══ TASK DATA ══

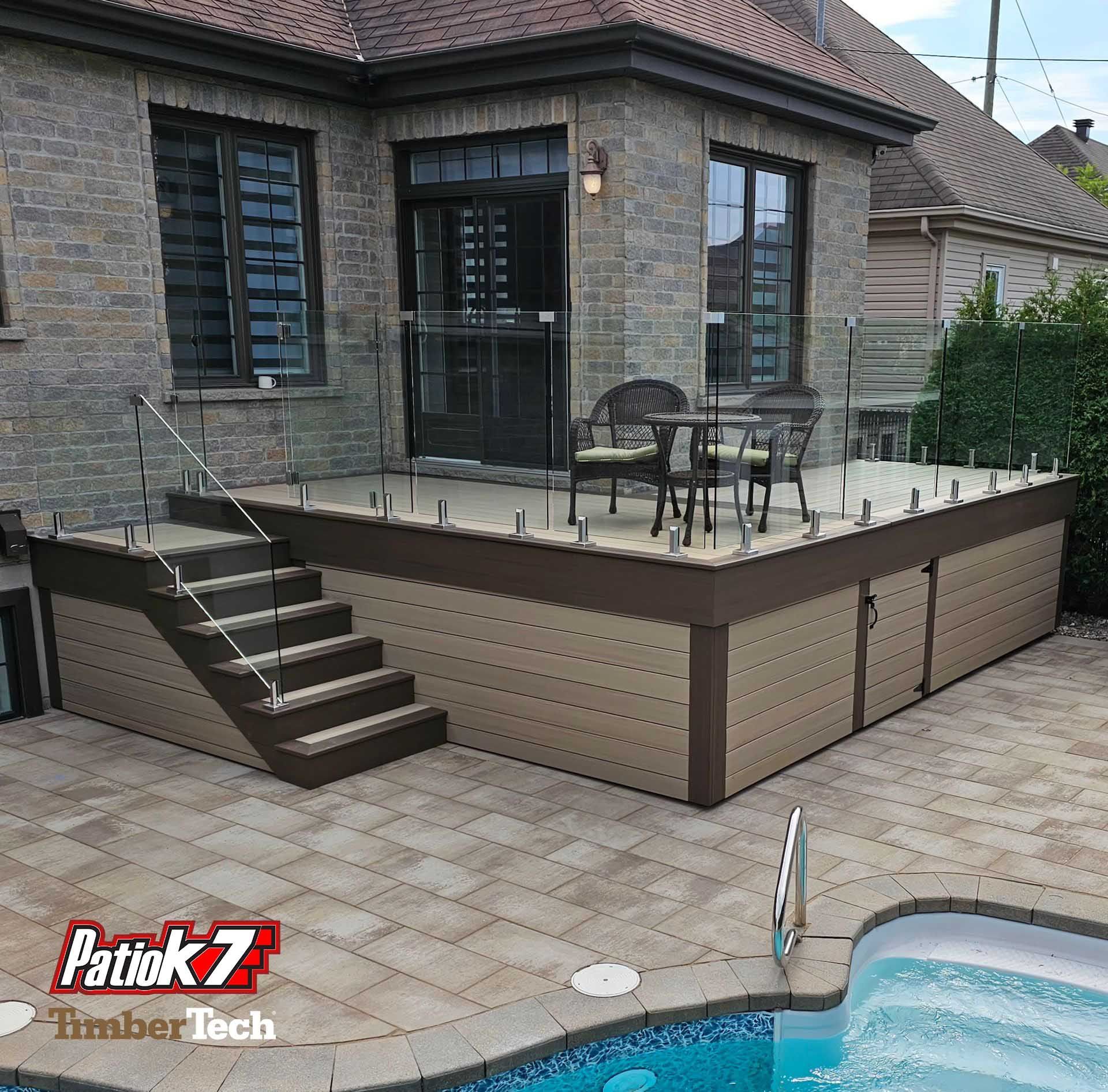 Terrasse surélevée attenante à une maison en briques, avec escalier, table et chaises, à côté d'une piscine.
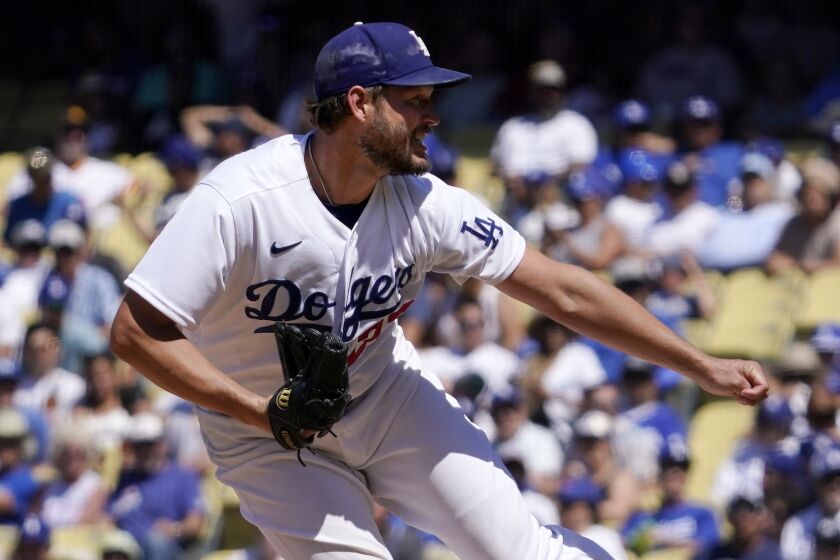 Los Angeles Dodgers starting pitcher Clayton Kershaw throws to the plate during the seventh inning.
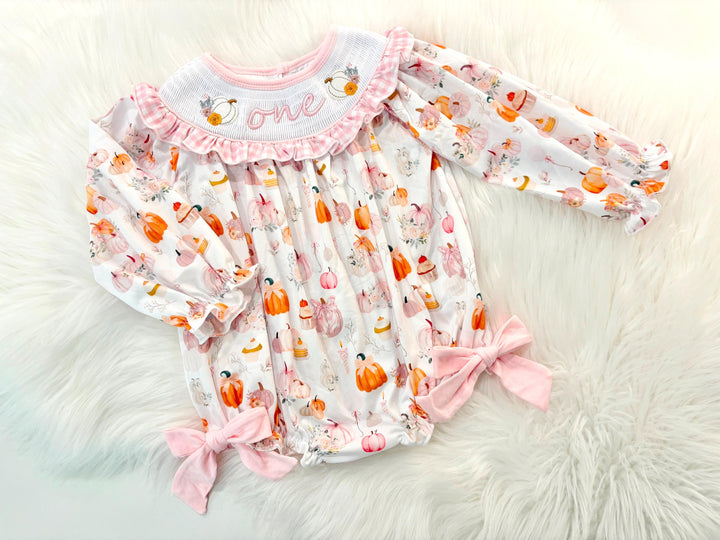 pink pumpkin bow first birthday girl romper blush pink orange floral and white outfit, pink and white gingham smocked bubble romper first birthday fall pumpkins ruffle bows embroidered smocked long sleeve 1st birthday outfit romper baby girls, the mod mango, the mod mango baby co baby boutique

═══
══ TASK DATA ══

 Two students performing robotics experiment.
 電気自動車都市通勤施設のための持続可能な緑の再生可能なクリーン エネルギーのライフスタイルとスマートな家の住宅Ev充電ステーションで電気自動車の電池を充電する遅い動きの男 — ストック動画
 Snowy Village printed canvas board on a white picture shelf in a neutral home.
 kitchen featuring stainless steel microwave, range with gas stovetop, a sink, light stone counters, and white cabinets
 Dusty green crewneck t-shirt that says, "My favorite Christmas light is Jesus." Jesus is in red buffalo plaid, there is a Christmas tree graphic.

═══

• **WHAT THIS TASK INVOLVES**:
Read through the entries and copy every line that includes "light".

• **REPLY**:
 kitchen featuring stainless steel microwave, range with gas stovetop, a sink, light stone counters, and white cabinets
 Dusty green crewneck t-shirt that says, "My favorite Christmas light is Jesus." Jesus is in red buffalo plaid, there is a Christmas tree graphic.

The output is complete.